Nada anormal… ¡Sólo una serie de asesinatos cuyos autores seguían impunes!

El maestro de obras penetró en su pequeño despacho del quinto fortín, y el jefe Sobek mantuvo la cabeza gacha.

—¿Te encuentras mal?

—Me pregunto si todavía sirvo para algo —reconoció el policía nubio—. Soy incapaz de identificar a un criminal, mi balance es desastroso. O me sustituyes en mi cargo o dimito.

—Salgamos de este reducto y caminemos por la colina. Necesitas respirar aire puro.

El alto nubio aceptó, mascullando.

Era casi tan corpulento como Paneb, pero, sin embargo, parecía abatido y envejecido. Obligándolo a caminar a buen ritmo, Ardiente consiguió que recuperara el ánimo.

—Cómo me gusta este lugar —murmuró Sobek—. El sol le infunde otra vida a este desierto, muy distinta a la del Valle. Aquí no hay trampas ni falsas apariencias. Es preciso afrontar la realidad en todo su salvajismo y no temer a las serpientes ni a los escorpiones. Pero, de todos modos, una sombra ha conseguido enmascarar la luz y yo soy incapaz de disiparla.

—¿Has vigilado las idas y venidas de Userhat el León?

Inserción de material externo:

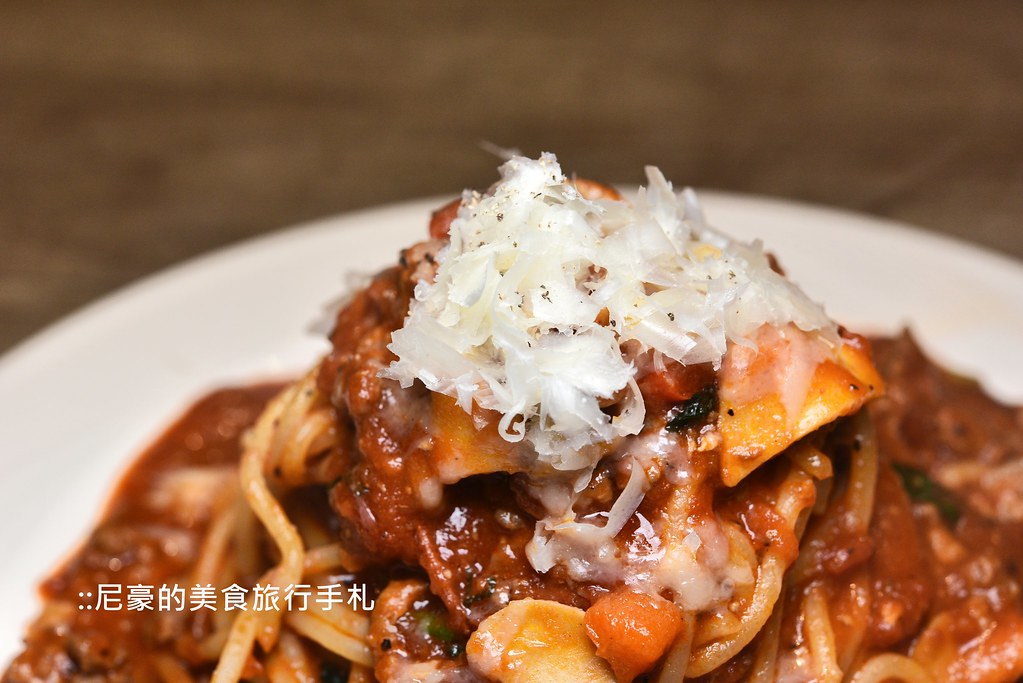 [台北中山] 二分之一 手工自行製作麵條的義大利麵 中山區中原街行天宮美食推薦 @尼豪的美食旅行手札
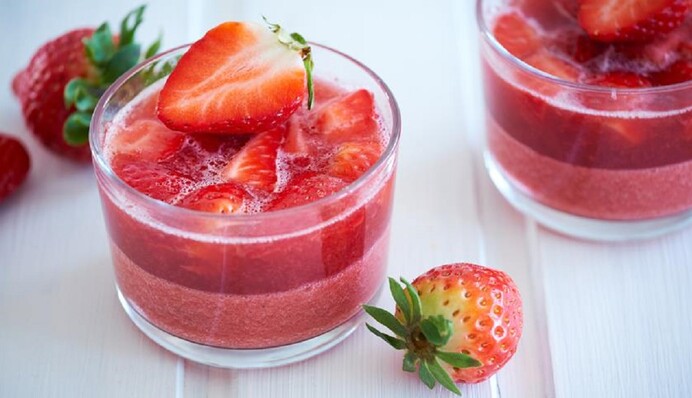 Готовим дома вкусное желе из клубники: простой рецепт натурального десерта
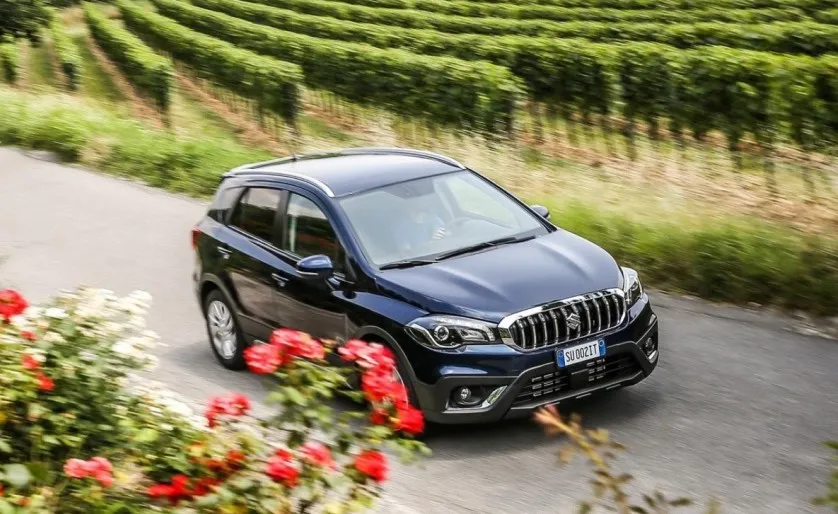 Фото Suzuki SX4 после рестайлинга Фото Suzuki SX4 после рестайлинга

—Claro que sí, al igual que las de los demás, pero no he obtenido resultado alguno.

Sobek se sentó en una piedra ardiente.

—Acabo preguntándome si no será un demonio el que se divierte adoptando una forma humana para atacar a sus víctimas y no dejar rastro… Que la mujer sabia utilice la magia y que otro policía se ocupe del caso. Yo he fracasado.

Paneb recogió algo de arena y dejó que resbalara entre sus dedos.

—Tu trabajo consiste en encargarte de la seguridad de la aldea y de sus habitantes. Considero que la has cumplido.

—¿Con esa sombra asesina que se burla de nosotros?

—La cofradía ha incubado una serpiente en su seno, le toca librarse de ella con tu ayuda.

—Creo que te equivocas al confiar en mí, Paneb.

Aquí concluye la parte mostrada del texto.